Task instructions :: Retype the lines from the first one in the records down to the line containing "Are you interested", counting both, and leave out any pictures.

Saved entries:

- - - -

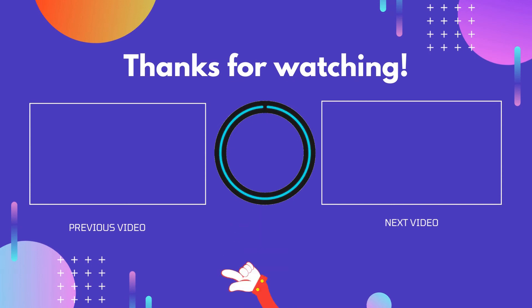Thanks for watching guys. I hope this video helped you. If you found this video useful, please don't forget to like, comment, and subscribe so you don't miss anything. We'll see you next time.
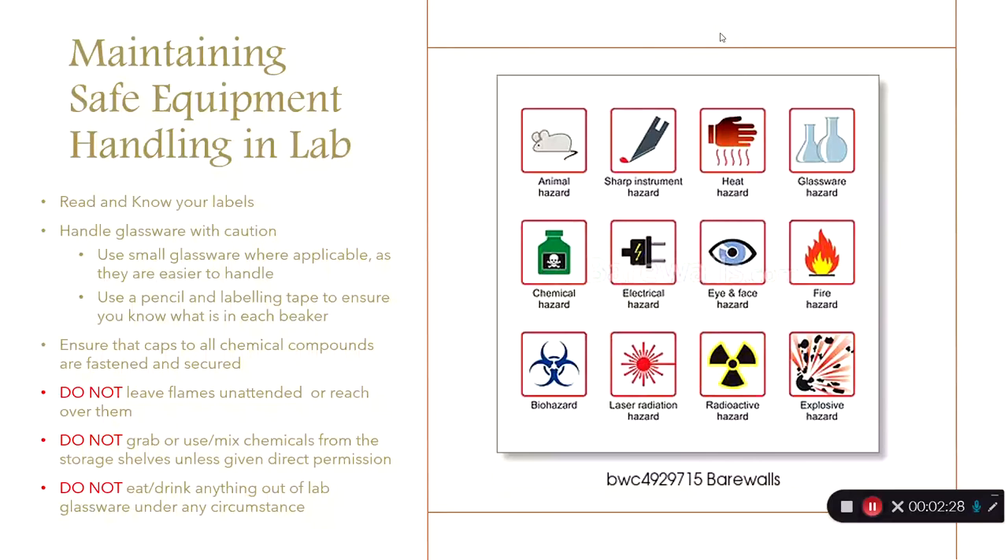We need to talk about how we handle equipment safely. As you see on your right, there are a series of labels you will see on just about everything, so you need to know them. Always use the smallest size of glassware applicable as they are easier to handle. Use a pencil and labeling tape to keep track of what is where. When you finish your labs, ensure that caps to all chemicals are fastened and secured to prevent spillage.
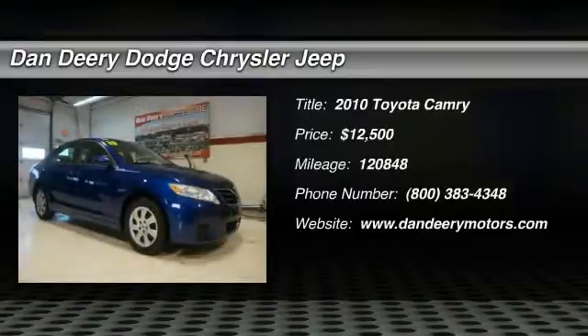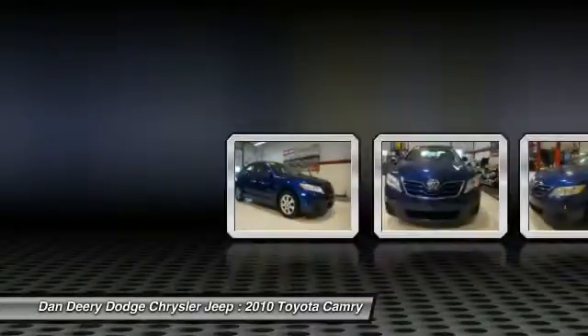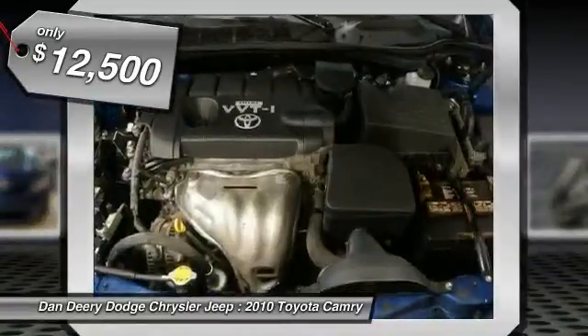Are you interested in a simply great car? Then take a look at this handsome 2010 Toyota Camry. This Camry is nicely equipped with features such as a 2.5L I4S MPI DOHC, and it's a local trade.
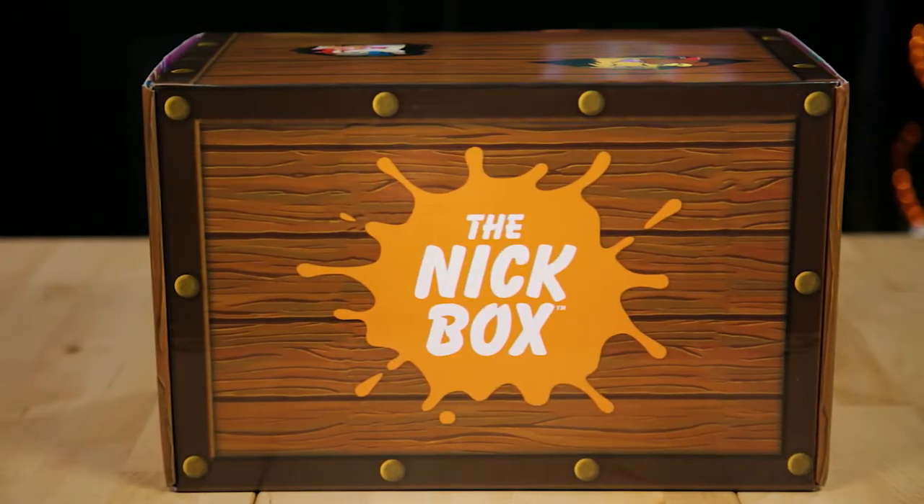What's up everyone? I'm Banana. And I'm Hot Dog. It's Halloween week, so you know what that means — we've got another spooktacular review! We've got the brand new Nick Box, the Treasure and Treats edition.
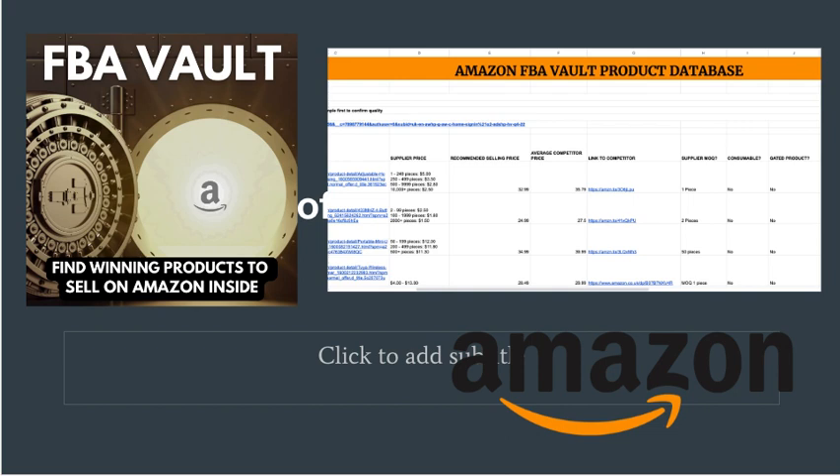The Amazon FBA Vault gives you access to the very product database I use, which has helped me generate over half a million dollars in revenue. It's the best place to find easy, hand-picked, profitable products to take your Amazon business to the next level. Make sure to subscribe to this channel and turn on the bell notification so you can be updated on brand new videos each and every day.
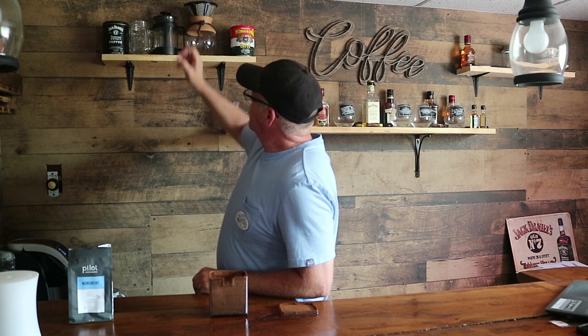First we're going to try it black, then we're going to try it with milk. And while we're waiting, we're going to check out Pilot Roasters.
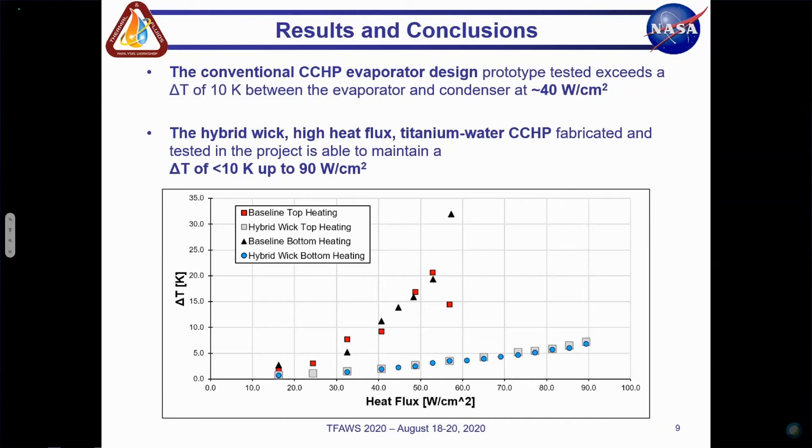That's the entire presentation and summary of the results. It was a pretty simple experiment, just comparing two prototypes, but showing promising results using the hybrid wick evaporator design with a titanium water heat pipe to push to at least 90 watts per square centimeter.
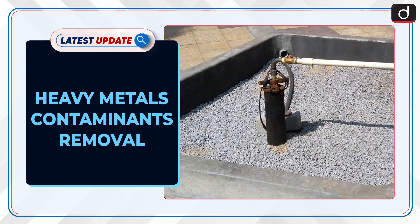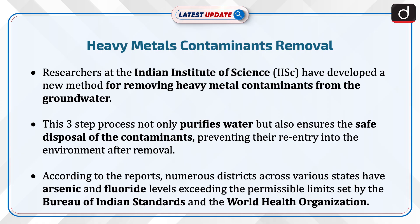Hello and welcome to the latest update. The point of discussion is heavy metals contaminants removal. Researchers at the Indian Institute of Science have developed a new method for removing heavy metal contaminants from groundwater. This three-step process not only purifies water but also ensures the safe disposal of the contaminants, preventing their re-entry into the environment after removal.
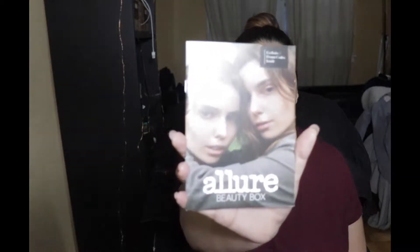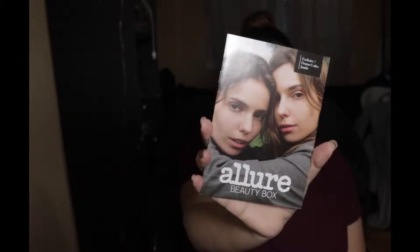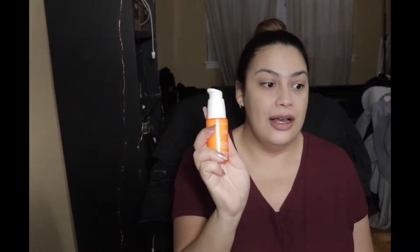We're just going to jump in. So this is the little magazine that comes in the box — this month's Allure beauty box exclusive promo codes inside. We're going to go through the products quickly. The first thing I'm really excited about: they sent a full-size product this time, and it's from Sunday Riley. It is their CEO serum — the Sunday Riley CEO Rapid Flash Serum. I love Sunday Riley, but they are crazy expensive.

- - - -

Your solution ::
Thanks for watching guys. I hope this video helped you. If you found this video useful, please don't forget to like, comment, and subscribe so you don't miss anything. We'll see you next time.
We need to talk about how we handle equipment safely. As you see on your right, there are a series of labels you will see on just about everything, so you need to know them. Always use the smallest size of glassware applicable as they are easier to handle. Use a pencil and labeling tape to keep track of what is where. When you finish your labs, ensure that caps to all chemicals are fastened and secured to prevent spillage.
Are you interested in a simply great car? Then take a look at this handsome 2010 Toyota Camry. This Camry is nicely equipped with features such as a 2.5L I4S MPI DOHC, and it's a local trade.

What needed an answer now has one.